Vor dem Hintergrund empirischer Untersuchungsergebnisse, die Trends zur Mehrfachverwertung journalistischer Produkte und wachsende technische und Anforderungen bestätigten, forderte Dr. Lutz Michel, MMB-Institut Essen, Tendenzen einer Deprofessionalisierung bewusst entgegenzuwirken.  Journalismus drohe zur Randaufgabe in der täglichen Medienarbeit zu werden. Besser sollten Journalisten technisch-organisatorische „Aufgaben an Assistenten abgeben“. Das schaffe mehr Zeit für Recherche und Reflexion.

„Ohne die Freien geht hier gar nichts“, so Florian Schwinn, freier Hörfunkjournalist aus Frankfurt/Main,  zum wachsenden Anteil Freier an der Produktion von Programm und Inhalt. Freie hätten „nicht einmal die Freiheit, sich bei ihrer Arbeit für Qualität zu entscheiden“, da erarbeitete Qualität „sehr viel mit dem Einsatz von Zeit zu tun“ habe, die bezahlt werden müsse. Er bezeichnete die Freien als schnell zu feuernde „Zeitarbeiter der Medienbranche“, die einer zunehmenden Mehrfachausbeutung unterliegen. Doch forderte er seine Kolleginnen und Kollegen auf, sich weiterzubilden, um künftig zumindest bimedial professionell arbeiten zu können.

Domenika Ahlrichs, Chefredakteurin der Berliner netzeitung, brach eine Lanze für den professionellen Wert von Online-Journalismus.
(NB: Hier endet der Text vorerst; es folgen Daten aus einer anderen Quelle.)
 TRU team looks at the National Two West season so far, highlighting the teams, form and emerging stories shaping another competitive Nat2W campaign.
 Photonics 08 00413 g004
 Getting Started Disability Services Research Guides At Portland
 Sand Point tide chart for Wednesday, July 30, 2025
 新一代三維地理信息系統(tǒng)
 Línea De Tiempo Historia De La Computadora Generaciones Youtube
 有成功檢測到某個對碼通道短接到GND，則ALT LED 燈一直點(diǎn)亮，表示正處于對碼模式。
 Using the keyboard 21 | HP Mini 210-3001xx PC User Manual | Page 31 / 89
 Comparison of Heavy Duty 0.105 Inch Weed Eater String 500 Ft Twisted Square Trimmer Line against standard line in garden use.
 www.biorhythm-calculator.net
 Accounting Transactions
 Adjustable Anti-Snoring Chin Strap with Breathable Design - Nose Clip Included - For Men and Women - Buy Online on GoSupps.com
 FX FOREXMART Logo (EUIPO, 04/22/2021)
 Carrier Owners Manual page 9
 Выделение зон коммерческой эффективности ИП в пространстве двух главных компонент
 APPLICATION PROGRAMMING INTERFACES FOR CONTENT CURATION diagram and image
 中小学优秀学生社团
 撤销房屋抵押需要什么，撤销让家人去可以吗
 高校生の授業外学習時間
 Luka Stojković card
In dem schnellen Medium sei unmittelbare Rückmeldung und Überprüfung durch die Nutzer „nur einen Klick entfernt“.

Akademische Ausbildung setzt Standards

Mit dem Wert einer hochschulgebundenen Journalistenausbildung und deren finanziellen, organisatorischen, personellen und wissenschaftlichen Problemen befasste sich Prof. Günther Rager von der Universität Dortmund. Er betonte die „gesellschaftliche Notwendigkeit einer akademischen Journalistenausbildung“ als einem Zugangsweg in den Beruf, der qualitätsstiftend wirke.

Die Bedeutung von Qualitätsmanagement sowohl in der Journalistenausbildung als auch als Instrument in der Medienpraxis betonte Guido Keel, Zürcher Hochschule für Angewandte Wissenschaften. Er plädierte für die Implementierung von Standards in der redaktionellen Produktion, die Qualitätsziele, Prozesse zu ihrer Überprüfung und ausreichende personelle Ressourcen sichern sollen.

Die aktuelle Veranstaltung knüpfte an den Journalistentag des Vorjahres an. 2007 untersuchten die Teilnehmer den  Wandel der Profession vom kreativen Handwerk hin zur arbeitsteilig-industriellen Medienproduktion. Bei Neuerungen wie Newsrooms, Newsdesk und Newspools in den Redaktionen wurden zugleich Chancen und Risiken für Kreativität und publizistische Qualität ausgemacht. Die Beiträge sind als gedruckte Dokumentation zu bestellen. Auch vom Journalistentag 2008 wird ein entsprechender Band erarbeitet.